»»

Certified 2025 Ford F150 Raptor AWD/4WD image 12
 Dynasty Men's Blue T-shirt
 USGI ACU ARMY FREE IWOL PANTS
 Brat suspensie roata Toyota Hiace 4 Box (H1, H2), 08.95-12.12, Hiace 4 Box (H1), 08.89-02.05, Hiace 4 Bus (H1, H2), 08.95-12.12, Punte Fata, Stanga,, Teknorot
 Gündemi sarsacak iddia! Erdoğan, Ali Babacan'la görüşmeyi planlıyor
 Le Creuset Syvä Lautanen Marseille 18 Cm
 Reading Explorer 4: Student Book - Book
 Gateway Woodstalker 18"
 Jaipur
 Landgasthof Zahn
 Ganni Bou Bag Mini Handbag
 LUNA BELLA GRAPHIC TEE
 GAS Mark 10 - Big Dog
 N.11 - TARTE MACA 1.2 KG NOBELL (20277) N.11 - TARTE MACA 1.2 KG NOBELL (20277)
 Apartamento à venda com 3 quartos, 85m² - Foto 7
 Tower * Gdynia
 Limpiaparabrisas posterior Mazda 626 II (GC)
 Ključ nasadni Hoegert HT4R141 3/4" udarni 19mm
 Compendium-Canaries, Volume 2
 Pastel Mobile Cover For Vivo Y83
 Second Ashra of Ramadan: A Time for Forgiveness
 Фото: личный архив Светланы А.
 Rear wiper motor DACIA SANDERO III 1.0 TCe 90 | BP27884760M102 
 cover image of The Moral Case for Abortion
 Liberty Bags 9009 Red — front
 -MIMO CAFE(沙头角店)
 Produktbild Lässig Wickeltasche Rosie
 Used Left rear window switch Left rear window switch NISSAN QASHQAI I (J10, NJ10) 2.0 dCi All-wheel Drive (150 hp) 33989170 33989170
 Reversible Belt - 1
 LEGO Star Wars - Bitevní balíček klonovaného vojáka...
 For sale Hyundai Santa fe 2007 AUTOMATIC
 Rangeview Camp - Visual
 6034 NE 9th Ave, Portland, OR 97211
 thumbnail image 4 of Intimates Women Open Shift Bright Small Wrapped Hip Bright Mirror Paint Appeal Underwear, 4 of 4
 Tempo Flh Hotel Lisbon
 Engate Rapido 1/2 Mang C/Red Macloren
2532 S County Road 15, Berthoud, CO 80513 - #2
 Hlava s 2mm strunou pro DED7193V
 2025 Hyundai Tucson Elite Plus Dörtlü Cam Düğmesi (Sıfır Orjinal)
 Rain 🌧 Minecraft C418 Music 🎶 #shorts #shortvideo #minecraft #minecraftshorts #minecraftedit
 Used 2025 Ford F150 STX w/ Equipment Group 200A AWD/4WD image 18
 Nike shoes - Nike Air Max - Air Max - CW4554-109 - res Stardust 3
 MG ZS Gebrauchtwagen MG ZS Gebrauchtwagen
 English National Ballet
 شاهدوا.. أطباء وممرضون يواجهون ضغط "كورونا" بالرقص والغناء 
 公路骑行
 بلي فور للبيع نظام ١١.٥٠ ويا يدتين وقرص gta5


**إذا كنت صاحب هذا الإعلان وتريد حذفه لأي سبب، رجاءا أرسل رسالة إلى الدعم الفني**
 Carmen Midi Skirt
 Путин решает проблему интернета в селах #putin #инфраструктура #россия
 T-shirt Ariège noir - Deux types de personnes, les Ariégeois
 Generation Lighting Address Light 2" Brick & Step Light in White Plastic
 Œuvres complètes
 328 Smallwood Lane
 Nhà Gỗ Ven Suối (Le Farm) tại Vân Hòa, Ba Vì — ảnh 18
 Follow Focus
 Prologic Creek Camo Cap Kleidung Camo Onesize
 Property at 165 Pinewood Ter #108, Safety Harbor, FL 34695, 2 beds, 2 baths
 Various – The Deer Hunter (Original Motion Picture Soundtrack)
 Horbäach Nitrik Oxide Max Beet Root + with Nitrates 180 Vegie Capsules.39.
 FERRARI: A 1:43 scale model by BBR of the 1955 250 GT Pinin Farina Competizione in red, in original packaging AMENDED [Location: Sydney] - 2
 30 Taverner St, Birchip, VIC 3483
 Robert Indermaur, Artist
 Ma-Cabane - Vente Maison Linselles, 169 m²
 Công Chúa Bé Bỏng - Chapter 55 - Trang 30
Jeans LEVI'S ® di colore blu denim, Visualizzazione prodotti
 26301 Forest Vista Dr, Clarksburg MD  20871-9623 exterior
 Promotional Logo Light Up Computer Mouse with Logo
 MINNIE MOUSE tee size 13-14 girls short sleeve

««

Exercise aim:
Look above for the line that contains "Rangeview Camp - Visual". Starting there, transcribe every line exactly until you have copied the line that contains "Engate Rapido 1/2 Mang C/Red Macloren".

Output for this task:
 Rangeview Camp - Visual
 6034 NE 9th Ave, Portland, OR 97211
 thumbnail image 4 of Intimates Women Open Shift Bright Small Wrapped Hip Bright Mirror Paint Appeal Underwear, 4 of 4
 Tempo Flh Hotel Lisbon
 Engate Rapido 1/2 Mang C/Red Macloren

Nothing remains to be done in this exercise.